• **PROVIDED MATERIAL**
************
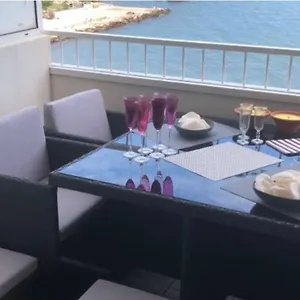 Appartement Les Pieds Dans L Eau, Vue Sur Les îles D’or, Hyères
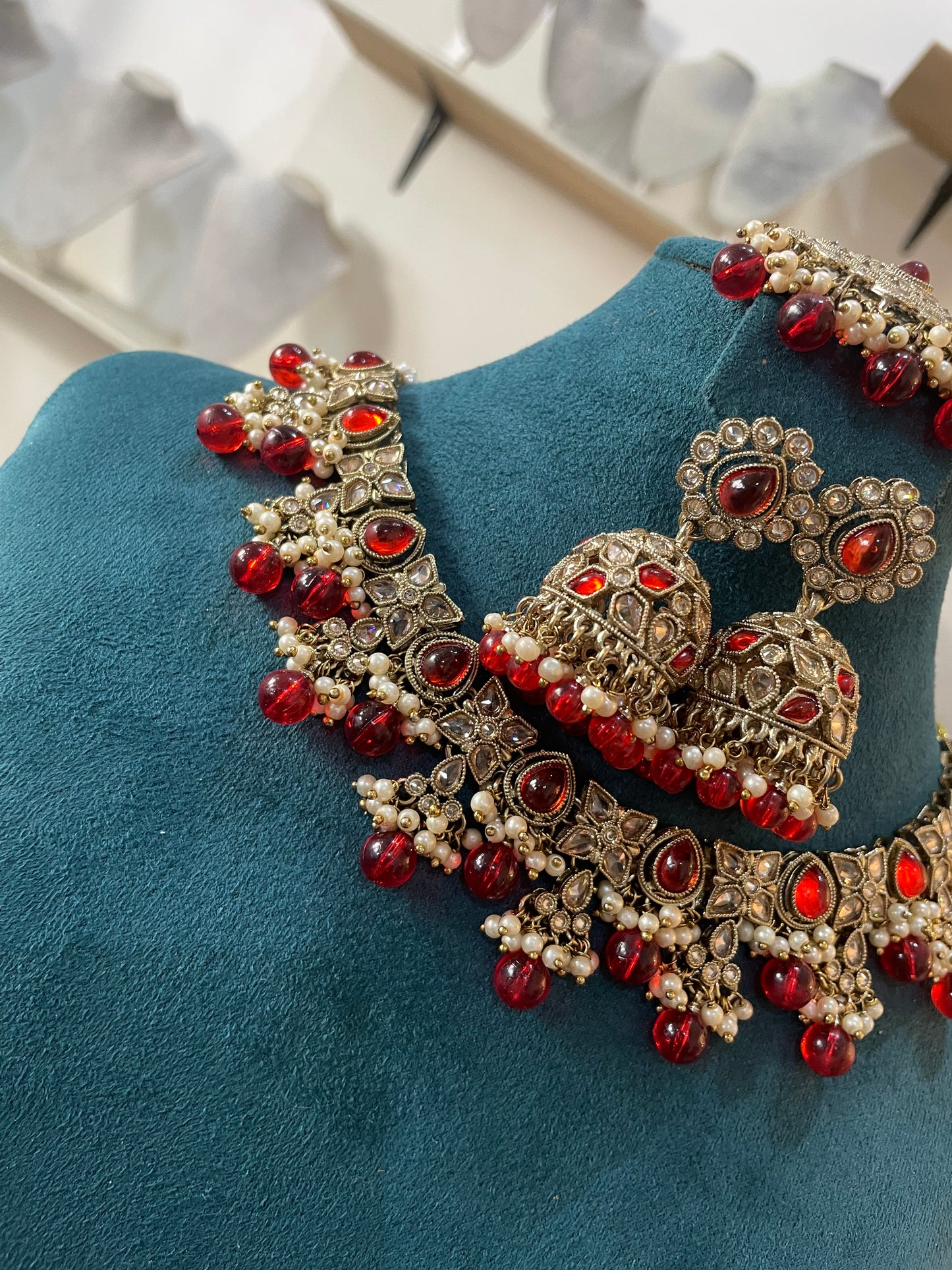 Mehndi Set with Earrings and Tikka (Red)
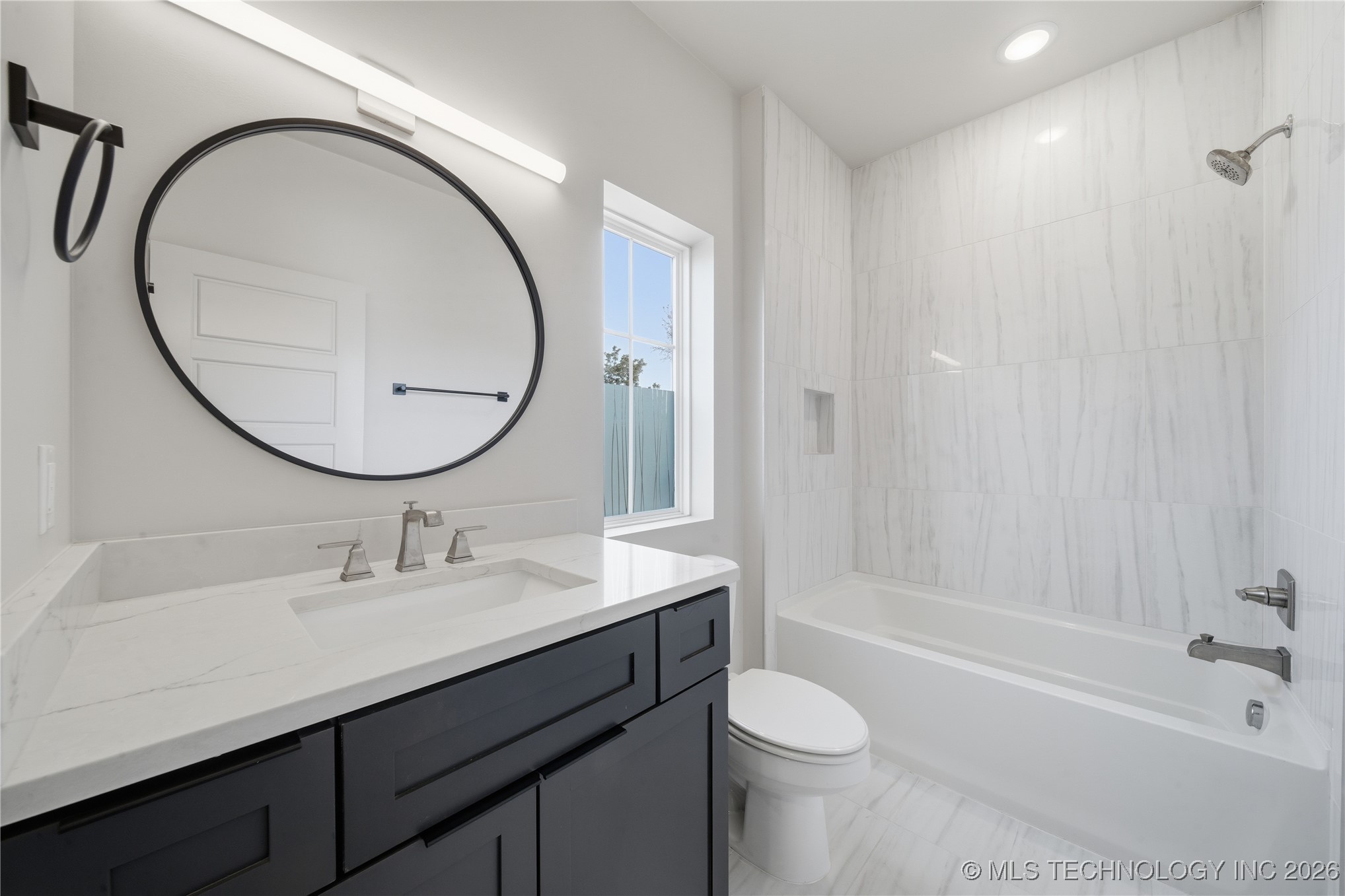 3767 S Riverside Drive E 3767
************
• **TASK DETAILS**
Images should not appear in the copy; retype the listing above exactly.

• **EXERCISE OUTPUT**
 Appartement Les Pieds Dans L Eau, Vue Sur Les îles D’or, Hyères
 Mehndi Set with Earrings and Tikka (Red)
 3767 S Riverside Drive E 3767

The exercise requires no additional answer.